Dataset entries
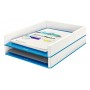 Leitz WOW Polistirolo Blu, Metallico (53611036)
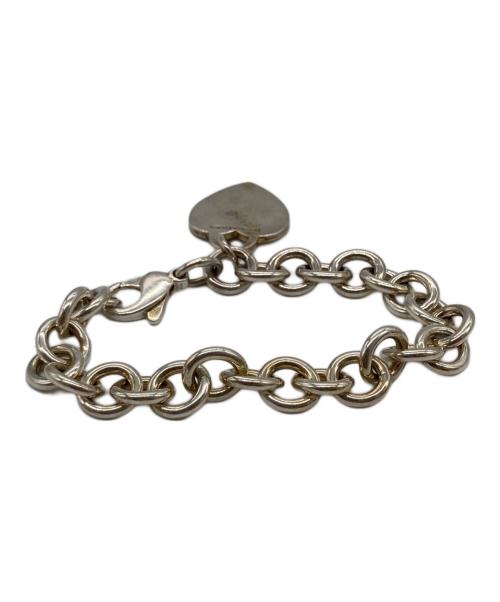 TIFFANY & Co.（ティファニー）TIFFANY & Co. (ティファニー) ハートタグブレスレット シルバーの古着・服飾アイテム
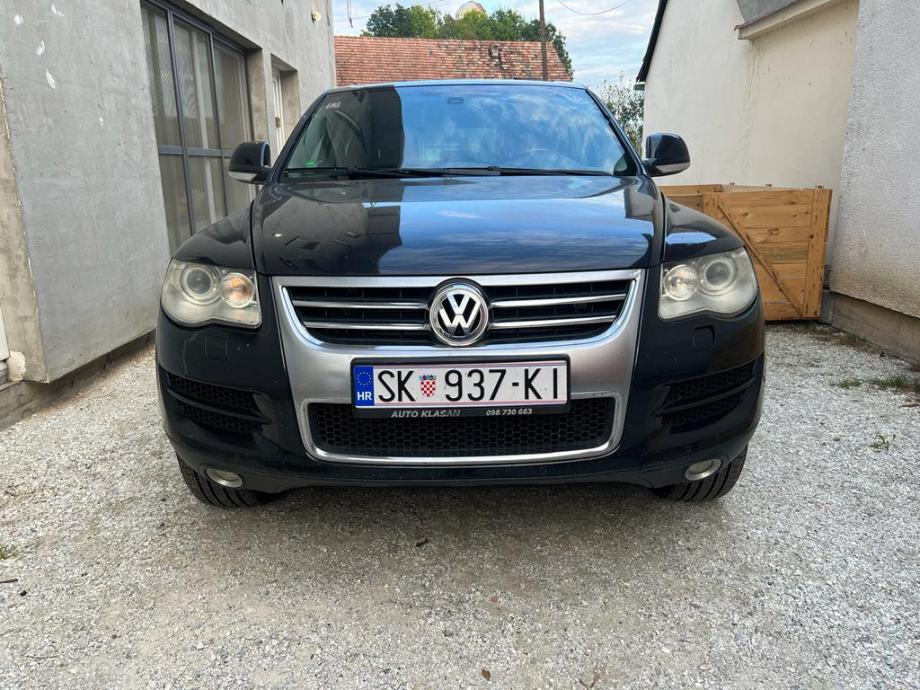 VW Touareg 4 2 V8 FSI Plin 2008 God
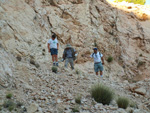 Grupo Mineralógico de Alicante. Cantera del Port. Biar. Alicante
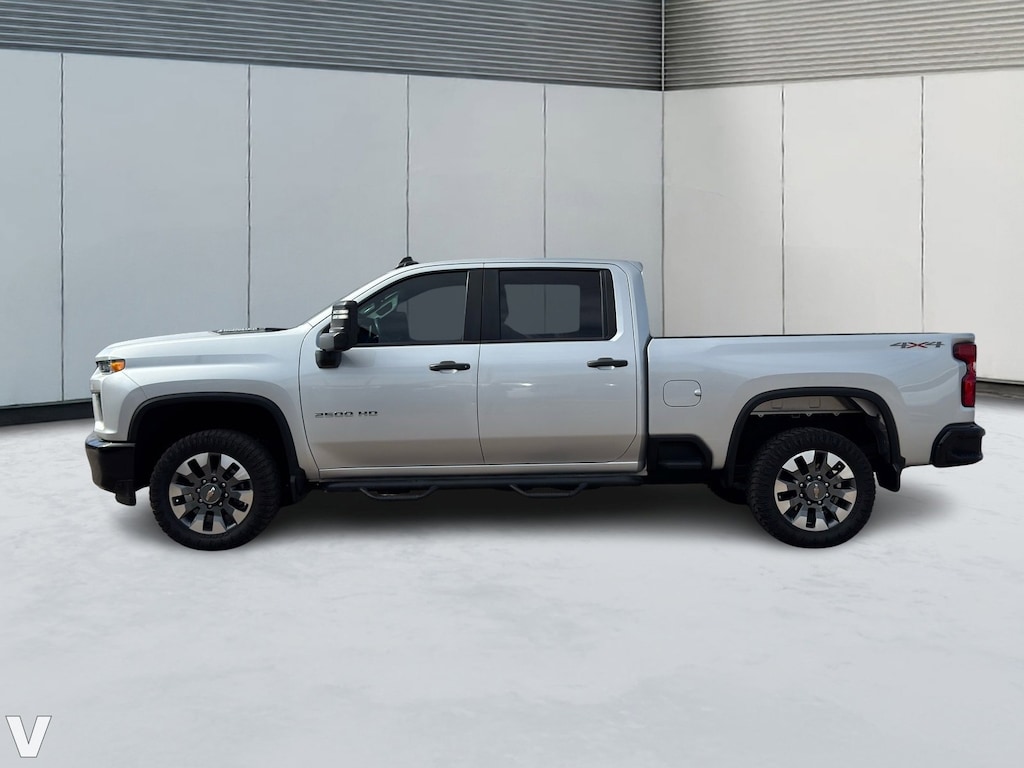 Certified 2021 Chevrolet Silverado 2500 HD Custom Truck Crew Cab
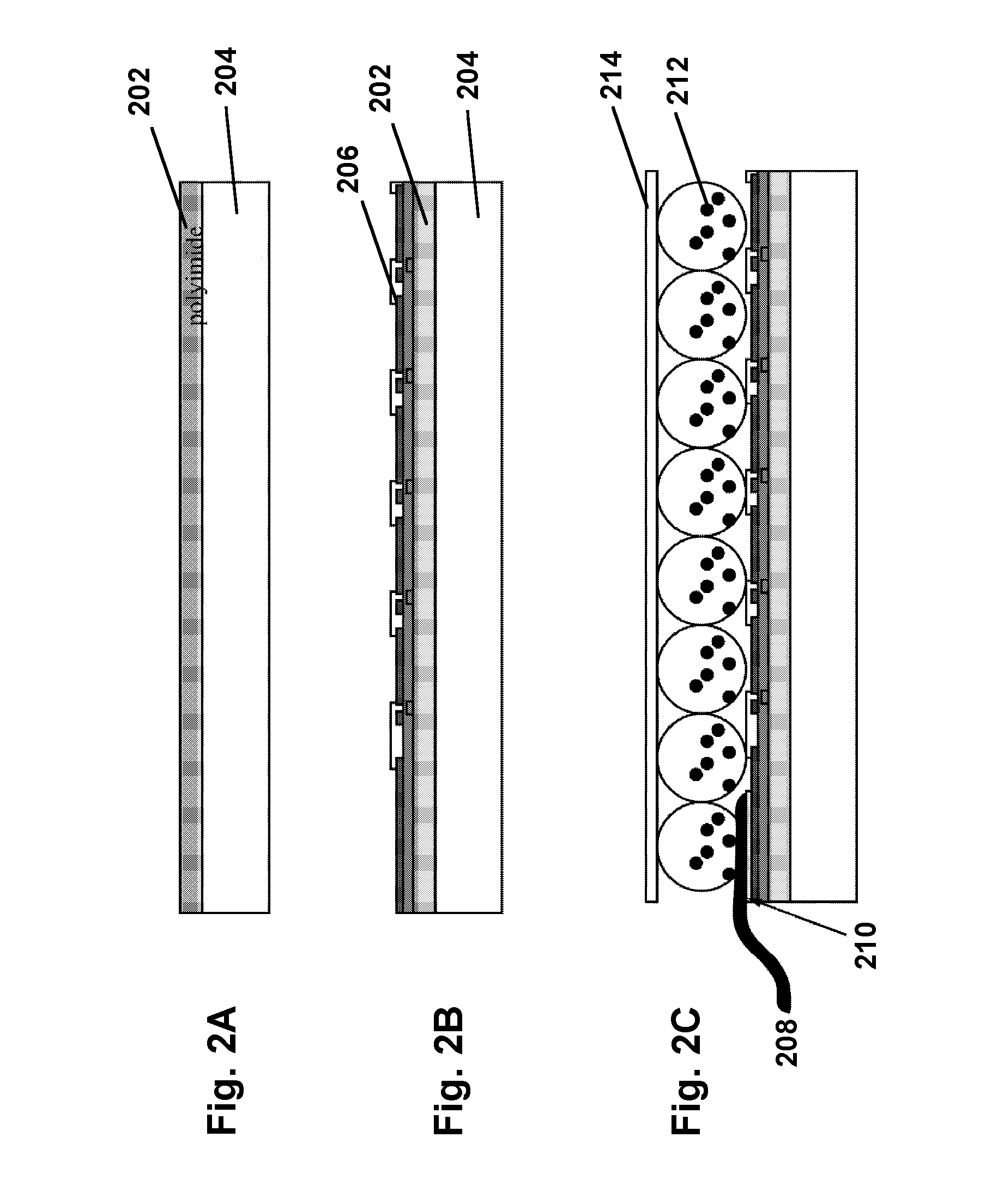 Processes for forming backplanes for electro-optic displays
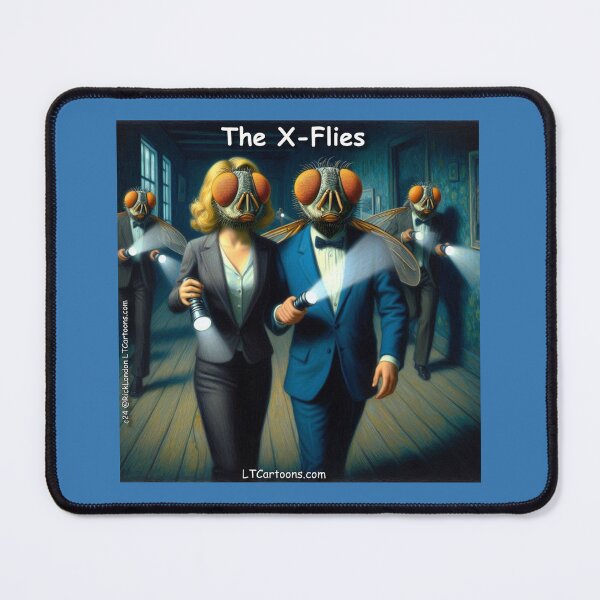 Item preview, FBI Flies On Television Who Believe In UFOs & The Paranormal designed and sold by Rick London Gifts.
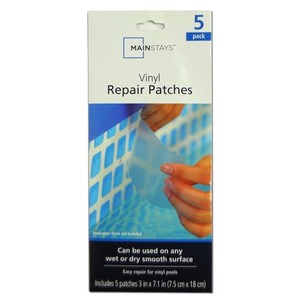 Vinyl Repair 5 Adhesive Patch Kit Wet or Dry Surface Pool Swimming Above Ground 85334302815 | eBay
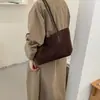 Bolsa Tote de Couro de Leopardo de Alta Qualidade Bolsa Feminina 2026 Nova Outono/Inverno Design de Nicho Bolsa de Ombro Versátil para o Dia a Dia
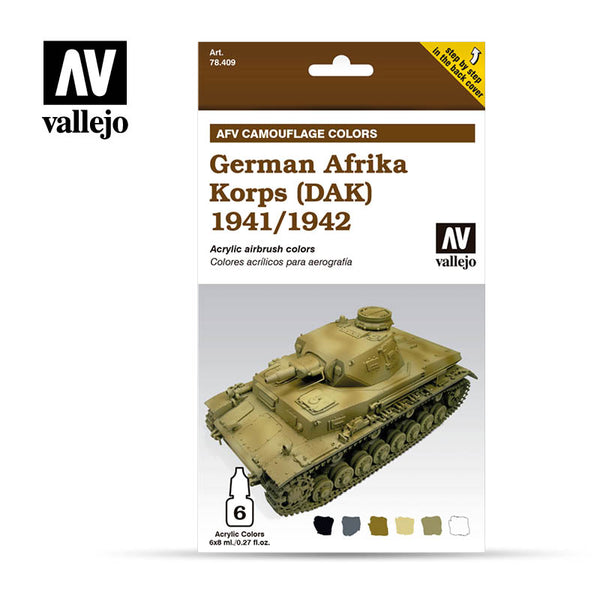 78,409 German Afrika Korps (DAK) 1941/1942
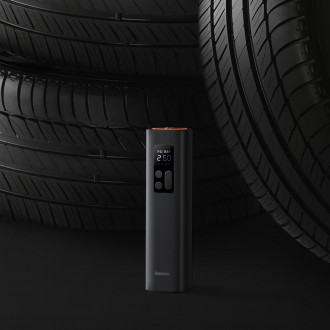Baseus Mini Car Air Compressor Zásuvka zapalovače cigaret černá (CRCQ000001)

> _Exercise details_: Print all the records exactly, minus any images.

> _Solution for this exercise_:
 Leitz WOW Polistirolo Blu, Metallico (53611036)
 TIFFANY & Co.（ティファニー）TIFFANY & Co. (ティファニー) ハートタグブレスレット シルバーの古着・服飾アイテム
 VW Touareg 4 2 V8 FSI Plin 2008 God
 Grupo Mineralógico de Alicante. Cantera del Port. Biar. Alicante
 Certified 2021 Chevrolet Silverado 2500 HD Custom Truck Crew Cab
 Processes for forming backplanes for electro-optic displays
 Item preview, FBI Flies On Television Who Believe In UFOs & The Paranormal designed and sold by Rick London Gifts.
 Vinyl Repair 5 Adhesive Patch Kit Wet or Dry Surface Pool Swimming Above Ground 85334302815 | eBay
 Bolsa Tote de Couro de Leopardo de Alta Qualidade Bolsa Feminina 2026 Nova Outono/Inverno Design de Nicho Bolsa de Ombro Versátil para o Dia a Dia
 78,409 German Afrika Korps (DAK) 1941/1942
Baseus Mini Car Air Compressor Zásuvka zapalovače cigaret černá (CRCQ000001)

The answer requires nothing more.